_Problem requirements_
Transcribe the line that contains "At the Edge of the Orchard-9780007350407" and every line after it to the end of the records, exactly and nothing else. Skip the pictures.

_Data in this exercise_

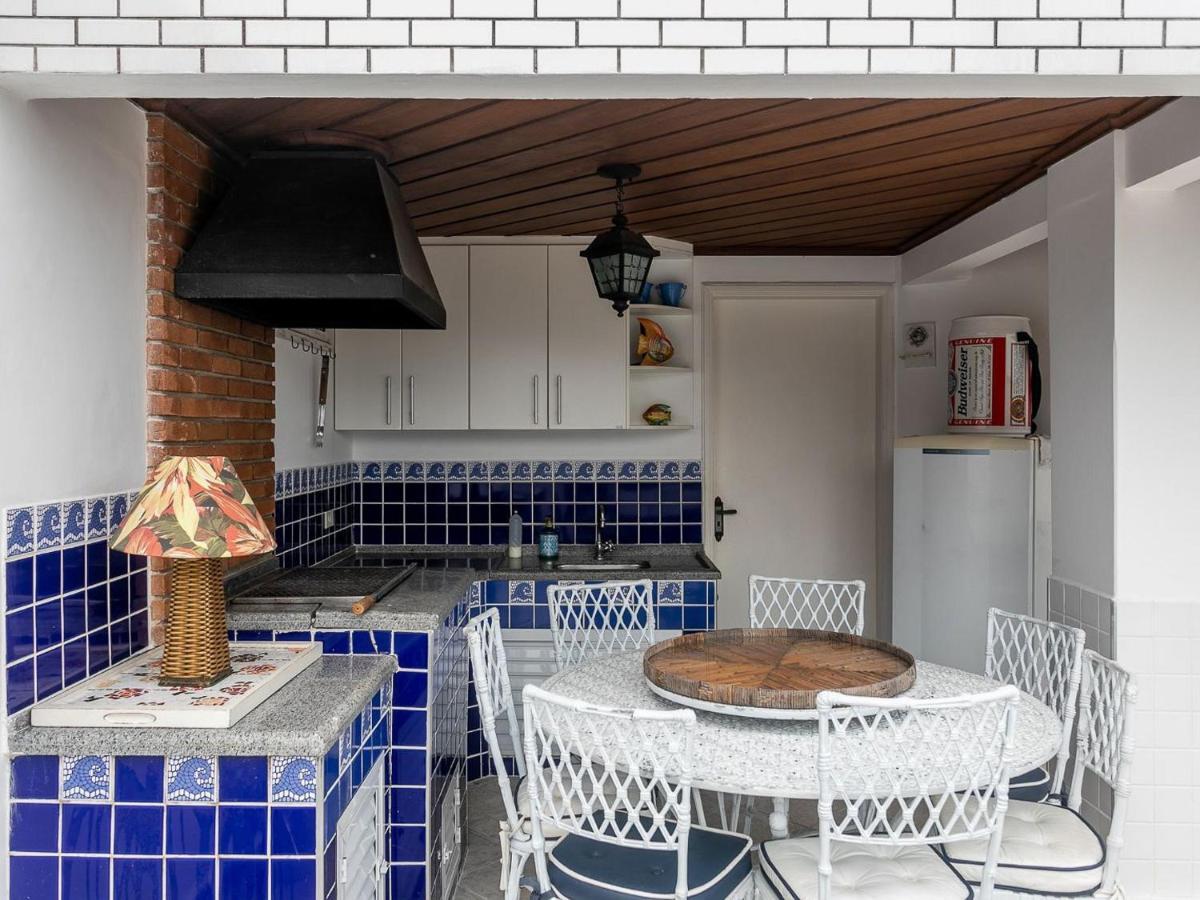 Duplex Com Piscina E Area Gourmet Perto Da Praia * Ubatuba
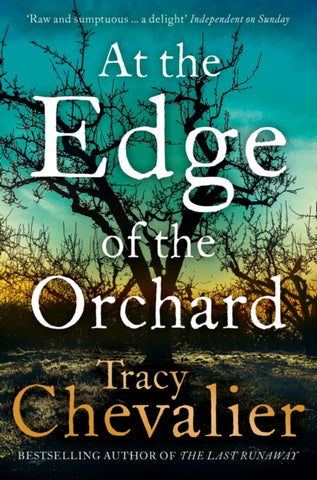 At the Edge of the Orchard-9780007350407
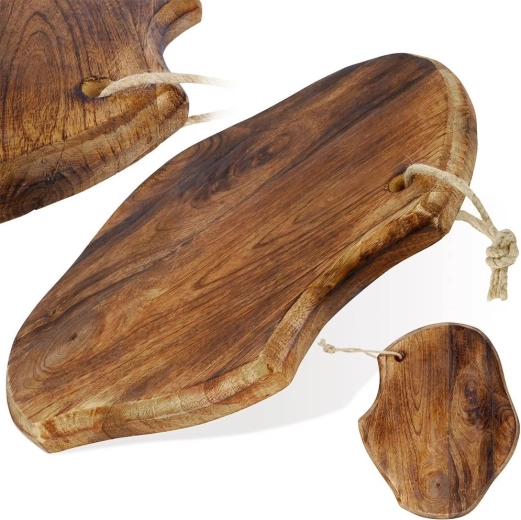 Formă neregulată, suprafață de lucru mare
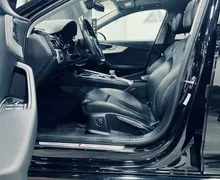 Zunanja slika - Audi A4 - Avant 2.0 TDI S tronic S-Line110  150  VIRTUAL-ALU19 - 8 - Predogledna slika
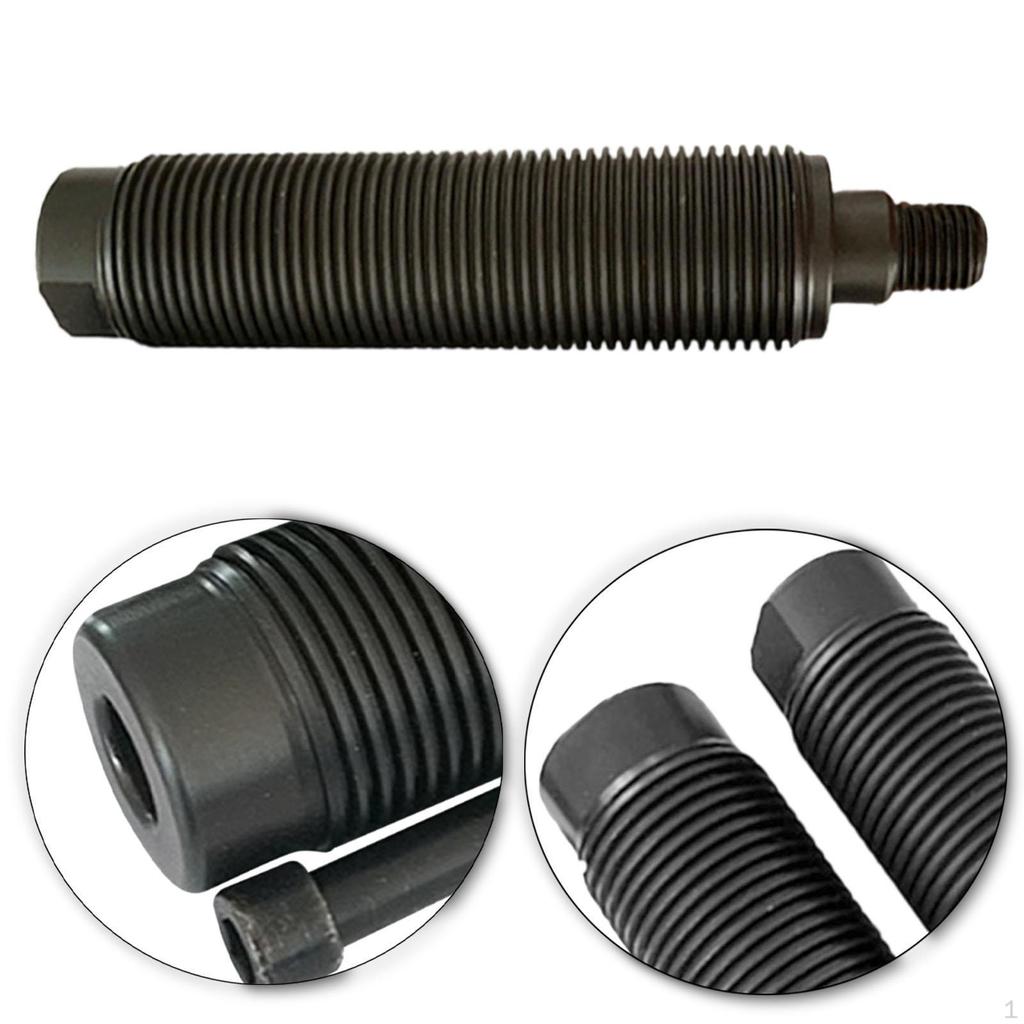 Balancer Spindle Screw Balance Machine Component M16 Stable Spare Parts Easy to Install Replacement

_Completed exercise_
 At the Edge of the Orchard-9780007350407
 Formă neregulată, suprafață de lucru mare
 Zunanja slika - Audi A4 - Avant 2.0 TDI S tronic S-Line110  150  VIRTUAL-ALU19 - 8 - Predogledna slika
 Balancer Spindle Screw Balance Machine Component M16 Stable Spare Parts Easy to Install Replacement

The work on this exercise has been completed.